A controversial North Shore development has made changes after community complaints, but critics remain skeptical.
Residents will receive an update on long-term plans for the property near Shark's Cove during a community meeting on Wednesday.
After receiving a minor Special Management Area permit from the city in August, HanaPohaku, LLC reduced the number of food trucks from eight to five, the maximum allowed. According to the company, other changes made will address most of the concerns raised by residents, such as noise, environmental impacts and traffic.
"It's a very much pulled back, softened approach to the site. We're much more respectful of the scale of the project. It's only about 25% of what the city would allow under the existing zoning," explained Jeff Overton, the planner at G70 working with HanaPohaku.
Critics said they're pleased with the progress, but are still worried.
"The community's eyes are watching this project really, really closely because of the history of mistrust, but going forward we absolutely hope that they engage the community," said Denise Antolini, president of Malama Pupukea-Waimea.
The city assessed fines for three violations. The fine for a wooden deck built without a permit totaled $38,250, but HanapPohaku only paid $3,825.
"Basically, the city accepted about 10% of the assessed value. We think that is way too low, sending the wrong signal to the development community about what city enforcement really means," said Antolini.

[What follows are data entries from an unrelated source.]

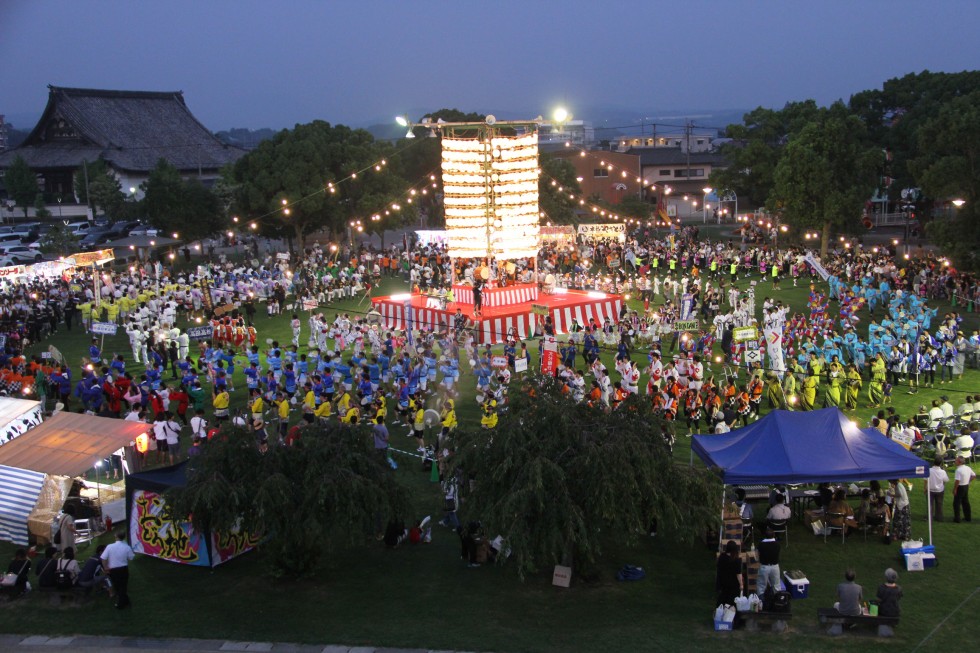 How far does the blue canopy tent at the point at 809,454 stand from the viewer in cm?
1144

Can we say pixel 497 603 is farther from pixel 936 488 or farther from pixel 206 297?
pixel 206 297

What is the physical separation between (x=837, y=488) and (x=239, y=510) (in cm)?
776

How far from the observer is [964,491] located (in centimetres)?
1239

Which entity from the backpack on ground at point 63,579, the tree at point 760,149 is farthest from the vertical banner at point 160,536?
the tree at point 760,149

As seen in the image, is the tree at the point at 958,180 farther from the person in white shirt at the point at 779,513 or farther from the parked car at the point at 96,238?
the parked car at the point at 96,238

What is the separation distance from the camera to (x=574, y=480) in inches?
402

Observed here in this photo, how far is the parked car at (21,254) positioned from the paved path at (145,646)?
3415cm

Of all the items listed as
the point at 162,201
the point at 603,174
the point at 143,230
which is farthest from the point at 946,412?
the point at 603,174

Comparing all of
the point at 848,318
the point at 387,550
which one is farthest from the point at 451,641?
the point at 848,318

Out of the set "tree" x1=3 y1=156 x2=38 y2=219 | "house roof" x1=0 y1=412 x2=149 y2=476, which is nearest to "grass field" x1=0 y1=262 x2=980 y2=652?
"house roof" x1=0 y1=412 x2=149 y2=476

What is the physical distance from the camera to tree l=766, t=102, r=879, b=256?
112 feet

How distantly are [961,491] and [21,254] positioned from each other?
134 feet

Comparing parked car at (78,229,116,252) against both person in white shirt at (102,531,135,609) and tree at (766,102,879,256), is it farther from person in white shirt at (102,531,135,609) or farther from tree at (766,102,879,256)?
person in white shirt at (102,531,135,609)

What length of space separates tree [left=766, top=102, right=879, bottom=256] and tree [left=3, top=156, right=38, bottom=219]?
131ft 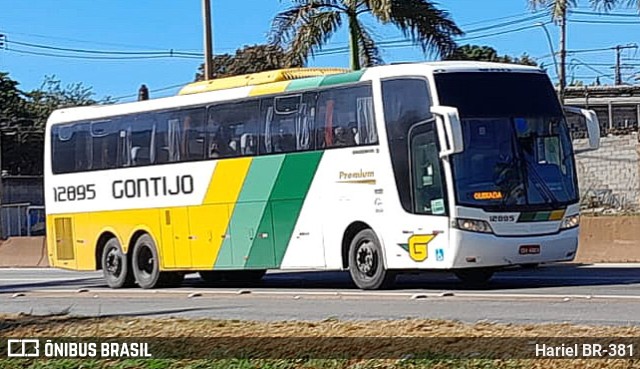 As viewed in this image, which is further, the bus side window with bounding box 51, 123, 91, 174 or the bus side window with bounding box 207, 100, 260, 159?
the bus side window with bounding box 51, 123, 91, 174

According to the Department of Planning and Permitting, the main goal of its civil fine system is to obtain compliance. Fines may be lowered to close long-standing violations and reduce the backlog of cases.
Two other fines haven't been resolved. For the violation of grading and grubing without a permit, daily fines have accrued to $62,400. The initial fine of $100 also hasn't been paid. For construction without an SMA permit, daily fines have accrued to $94,500. The initial fine of $2,000 also hasn't been paid.

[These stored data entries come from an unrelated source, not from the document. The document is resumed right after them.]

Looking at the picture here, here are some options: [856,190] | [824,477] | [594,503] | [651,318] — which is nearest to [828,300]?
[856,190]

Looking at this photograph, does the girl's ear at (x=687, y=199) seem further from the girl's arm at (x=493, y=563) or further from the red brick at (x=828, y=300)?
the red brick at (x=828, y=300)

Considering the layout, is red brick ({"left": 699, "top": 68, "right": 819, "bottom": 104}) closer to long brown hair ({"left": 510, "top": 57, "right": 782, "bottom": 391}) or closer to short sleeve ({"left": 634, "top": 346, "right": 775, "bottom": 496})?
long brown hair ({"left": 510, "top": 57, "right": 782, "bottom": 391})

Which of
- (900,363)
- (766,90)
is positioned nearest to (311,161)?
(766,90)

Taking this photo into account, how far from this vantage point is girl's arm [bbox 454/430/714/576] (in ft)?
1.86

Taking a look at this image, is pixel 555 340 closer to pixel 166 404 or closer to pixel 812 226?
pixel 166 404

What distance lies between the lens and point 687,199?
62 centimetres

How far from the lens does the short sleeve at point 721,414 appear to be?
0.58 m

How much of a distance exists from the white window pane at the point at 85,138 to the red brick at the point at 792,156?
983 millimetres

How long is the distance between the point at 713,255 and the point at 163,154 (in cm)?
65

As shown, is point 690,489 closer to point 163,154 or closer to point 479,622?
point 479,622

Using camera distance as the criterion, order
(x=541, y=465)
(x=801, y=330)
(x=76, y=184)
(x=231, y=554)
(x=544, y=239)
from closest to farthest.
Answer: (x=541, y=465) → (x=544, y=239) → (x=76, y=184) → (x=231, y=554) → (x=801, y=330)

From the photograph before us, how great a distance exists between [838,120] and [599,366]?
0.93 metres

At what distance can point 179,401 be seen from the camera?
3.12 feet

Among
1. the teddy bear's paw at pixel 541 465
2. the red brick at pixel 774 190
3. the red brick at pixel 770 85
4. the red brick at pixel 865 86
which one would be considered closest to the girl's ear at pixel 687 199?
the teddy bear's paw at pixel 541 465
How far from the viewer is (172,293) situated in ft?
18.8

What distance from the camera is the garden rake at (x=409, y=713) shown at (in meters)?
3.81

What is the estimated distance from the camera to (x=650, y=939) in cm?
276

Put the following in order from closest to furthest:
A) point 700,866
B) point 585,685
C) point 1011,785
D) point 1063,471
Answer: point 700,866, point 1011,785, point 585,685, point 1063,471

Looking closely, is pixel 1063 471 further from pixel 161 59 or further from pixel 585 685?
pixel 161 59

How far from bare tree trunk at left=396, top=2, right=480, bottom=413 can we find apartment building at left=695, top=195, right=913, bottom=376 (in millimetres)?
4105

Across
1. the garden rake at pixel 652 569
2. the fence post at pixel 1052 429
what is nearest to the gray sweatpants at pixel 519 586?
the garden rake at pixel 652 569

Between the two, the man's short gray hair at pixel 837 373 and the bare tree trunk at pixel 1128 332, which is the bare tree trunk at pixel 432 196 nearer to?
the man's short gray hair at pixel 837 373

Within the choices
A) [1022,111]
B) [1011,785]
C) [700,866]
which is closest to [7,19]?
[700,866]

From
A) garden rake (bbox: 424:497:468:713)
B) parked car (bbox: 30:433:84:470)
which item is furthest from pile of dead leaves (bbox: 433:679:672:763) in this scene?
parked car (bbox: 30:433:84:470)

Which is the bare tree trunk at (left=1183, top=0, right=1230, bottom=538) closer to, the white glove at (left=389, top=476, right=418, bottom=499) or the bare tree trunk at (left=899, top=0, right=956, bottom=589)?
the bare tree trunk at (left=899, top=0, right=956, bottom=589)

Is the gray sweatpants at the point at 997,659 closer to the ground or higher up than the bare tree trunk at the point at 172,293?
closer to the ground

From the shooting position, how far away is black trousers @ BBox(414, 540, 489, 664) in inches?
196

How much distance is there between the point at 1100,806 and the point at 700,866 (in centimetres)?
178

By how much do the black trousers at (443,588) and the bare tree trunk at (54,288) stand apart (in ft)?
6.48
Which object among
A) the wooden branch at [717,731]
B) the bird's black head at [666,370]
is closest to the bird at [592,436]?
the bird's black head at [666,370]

HanaPohaku officials said they're waiting for the city to issue the company an after-the-fact grading permit to resolve the grading violation.
"We're exactly following the city process to close this all up and it takes time. If they could write a check tomorrow to settle all of this they would," said Overton.
A draft environmental impact statement will be published this fall as HanaPohaku pursues a major SMA permit for a long-term commercial development at the site.
Overton is scheduled to provide an update on the major SMA permit process during the Sunset Beach Community Association meeting on September 20 at 7 p.m. the Sunset Beach Recreation Center.